Pensare al Rapimento Moro come un fenomeno contingente e relativo solo ai famigerati e oscuri giorni che vanno dal 16 marzo al 9 maggio del ’78 è quanto di più lontano dalla realtà dei fatti ci sia. Un evento di tale portata, la morte del cuore dello Stato, non può che avere radici profondissime che vanno dalla fine del secondo conflitto mondiale fino a quei tristi e mortificanti giorni. Le elezioni politiche del 1976 fanno parte dell’ultimo momento di tale processo.

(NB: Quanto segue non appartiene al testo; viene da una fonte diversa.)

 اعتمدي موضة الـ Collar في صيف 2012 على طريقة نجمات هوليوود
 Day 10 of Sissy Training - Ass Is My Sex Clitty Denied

L’anno prima, tra il 15 ed il 16 giugno, in concomitanza con le elezioni regionali, si tennero le elezioni amministrative. La Dc iniziava a sentire, come spesso accadde, il fiato sul collo del PCI di Berlinguer. Il primo partito del paese raggiunse infatti il 35%, seguito a pochi passi dai comunisti, attestatisi al 33%. Uno scarto del 2% non faceva dormire sonni tranquilli né Gerald Ford, presidente USA, né gli oppositori interni, da sinistra e da destra.
In molti comuni prevalse infatti la sinistra, in blocco o singolarmente. La DC doveva aprire gli occhi. Ciò era quello che cercava di fare Moro dal 1969 circa. In questo anno si era svolto il XII congresso del PCI, in cui Berlinguer raggiunse il titolo di vicesegretario, e Moro cominciò a parlare di “strategia dell’attenzione” nei confronti dell’uomo cardine (da lì a breve) del comunismo italiano.
Il paese arrivava dunque alle elezioni politiche del 1976 fratturato, scombussolato e indeciso. Indro Montanelli pronunciò in questo contesto la celebre frase “Turatevi il naso, ma votate DC“, per sottolineare quanto il pericolo rosso fosse incombente. Dalla sinistra rispondeva il segretario del PSI, Francesco De Martino, con la altrettanto celebre (e sfortunata) formula “mai più al governo senza il PCI!“
La DC prese infine il 38,7%, mentre il Partito Comunista ottenne un lauto 34,3%. La differenza era ormai minima, le due forze erano quasi equipollenti. A farne le spese fu proprio il PSI, con la delusione dell’elettorato in seguito allo slogan elettorale di De Martino. Da li a breve comincerà la stagione politica di un altro grande personaggio della storia primo-repubblicana: Bettino Craxi.
Da tali elezioni, le prime con il voto dei diciottenni, si formarono quei governi di “unità nazionale” che traghettarono il paese vero il punto cardine di svolta del 1978. Le innovazioni potevano essere potenzialmente tante, la paura però la fece da padrona e la vicenda, da latrice di opportunità che poteva essere, divenne invece una pagina oscura, da ricordare e tramandare alle future generazioni.